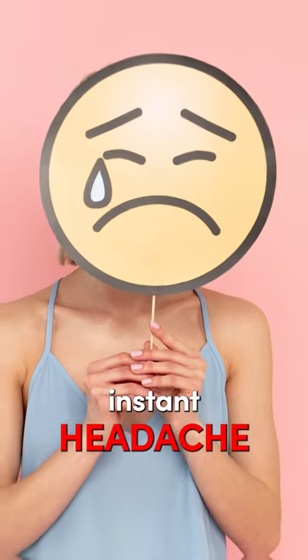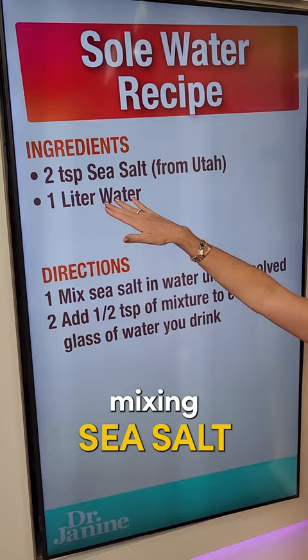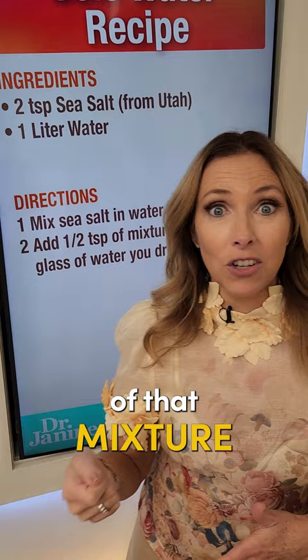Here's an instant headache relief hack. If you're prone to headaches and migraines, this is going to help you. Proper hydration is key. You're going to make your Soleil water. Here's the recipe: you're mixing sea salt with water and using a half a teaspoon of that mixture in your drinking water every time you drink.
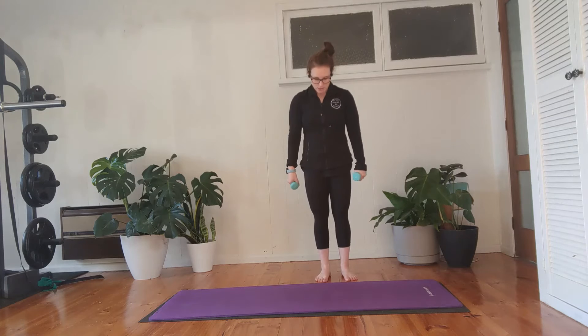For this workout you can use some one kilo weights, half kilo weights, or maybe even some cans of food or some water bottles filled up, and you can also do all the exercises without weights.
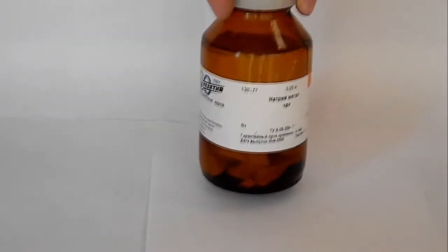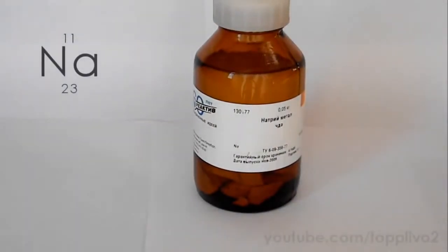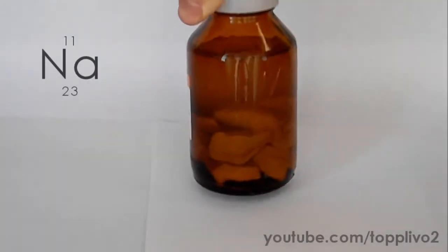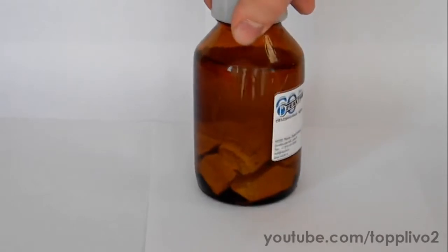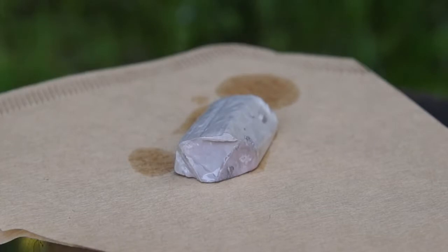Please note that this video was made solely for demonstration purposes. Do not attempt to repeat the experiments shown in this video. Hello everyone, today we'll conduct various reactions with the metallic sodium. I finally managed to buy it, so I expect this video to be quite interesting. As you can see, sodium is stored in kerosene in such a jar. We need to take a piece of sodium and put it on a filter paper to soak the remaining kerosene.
* * * * * * * * *
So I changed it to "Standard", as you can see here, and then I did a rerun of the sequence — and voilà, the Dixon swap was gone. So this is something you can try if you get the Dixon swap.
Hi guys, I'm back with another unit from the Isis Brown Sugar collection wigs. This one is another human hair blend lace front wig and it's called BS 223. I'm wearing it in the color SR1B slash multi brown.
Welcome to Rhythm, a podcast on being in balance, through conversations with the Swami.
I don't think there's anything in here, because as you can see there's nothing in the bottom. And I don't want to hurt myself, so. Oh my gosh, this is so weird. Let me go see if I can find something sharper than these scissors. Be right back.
* * * * * * * * *
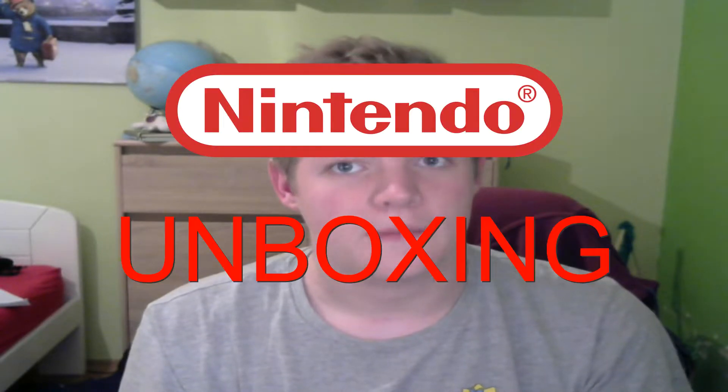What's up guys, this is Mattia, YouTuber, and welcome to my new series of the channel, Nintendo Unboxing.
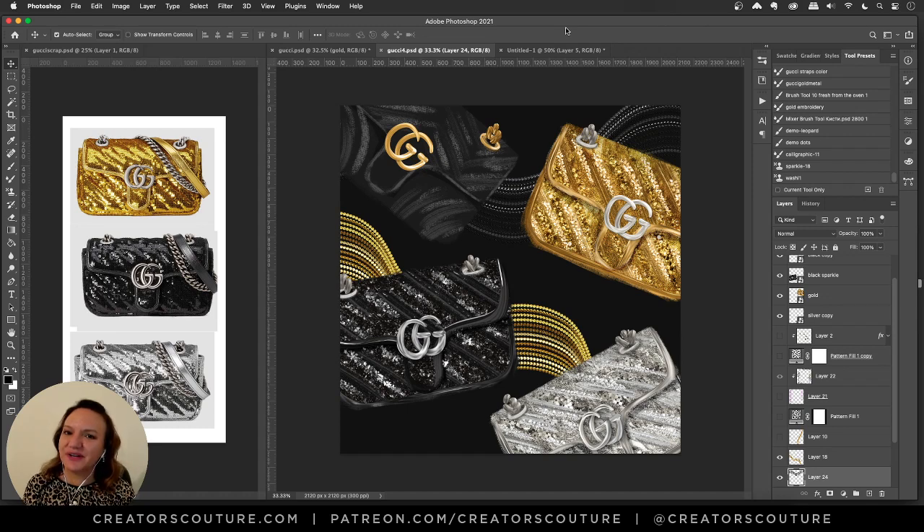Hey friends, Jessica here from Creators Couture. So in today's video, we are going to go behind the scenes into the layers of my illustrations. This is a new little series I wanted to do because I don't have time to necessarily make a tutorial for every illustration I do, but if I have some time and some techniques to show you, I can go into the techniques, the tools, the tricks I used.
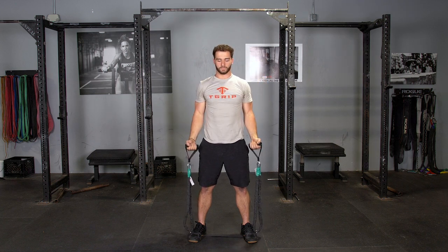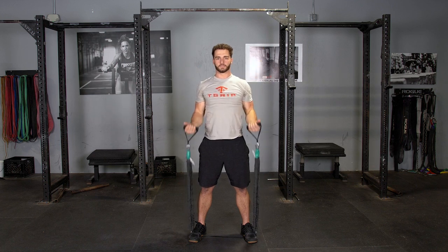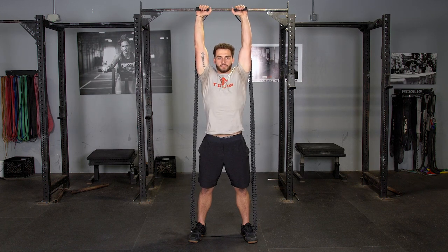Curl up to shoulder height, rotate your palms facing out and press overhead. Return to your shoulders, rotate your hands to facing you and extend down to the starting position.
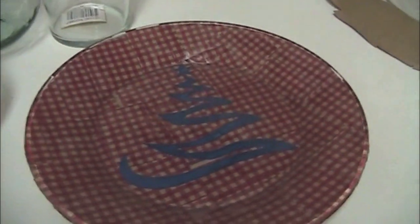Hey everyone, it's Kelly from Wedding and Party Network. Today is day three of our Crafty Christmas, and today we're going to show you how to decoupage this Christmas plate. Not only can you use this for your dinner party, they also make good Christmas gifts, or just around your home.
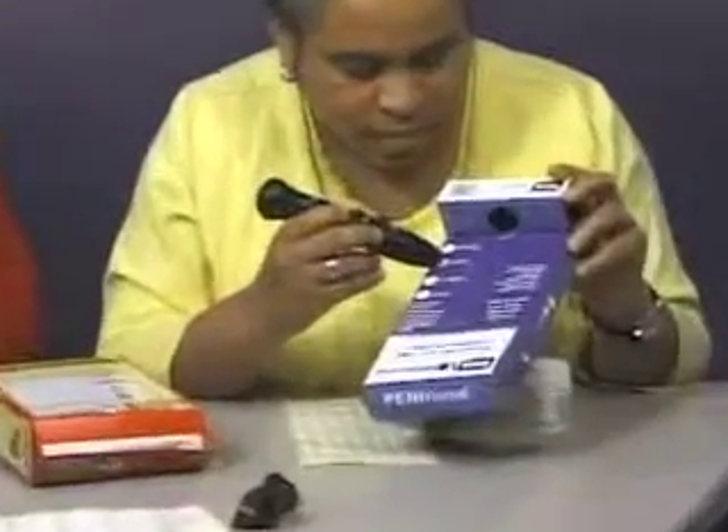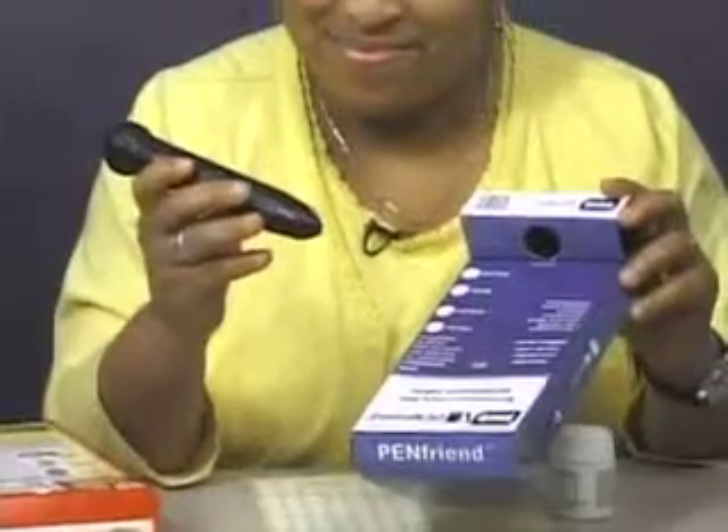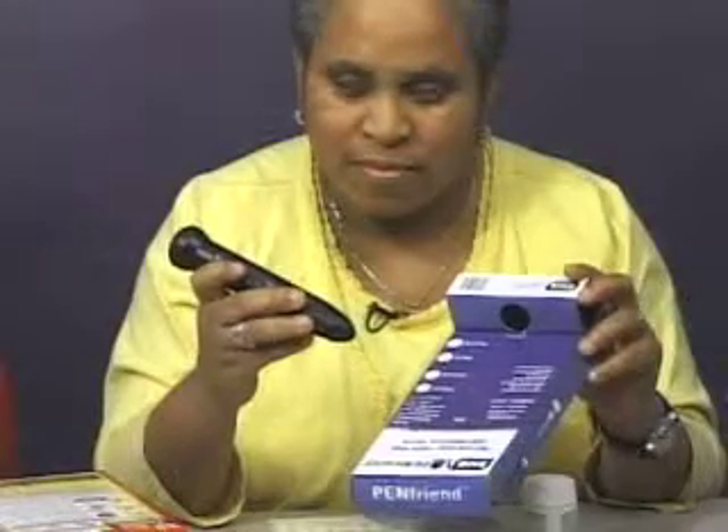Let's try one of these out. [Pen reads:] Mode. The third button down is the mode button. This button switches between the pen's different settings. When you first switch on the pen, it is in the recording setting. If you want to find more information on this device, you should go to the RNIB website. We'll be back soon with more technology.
* * * * * * * * *
_Your goal_
Output the material above exactly, but only from the line that carries "Welcome to Rhythm, a" through the line that carries "I don't think".

_Solution for this task_
Welcome to Rhythm, a podcast on being in balance, through conversations with the Swami.
I don't think there's anything in here, because as you can see there's nothing in the bottom. And I don't want to hurt myself, so. Oh my gosh, this is so weird. Let me go see if I can find something sharper than these scissors. Be right back.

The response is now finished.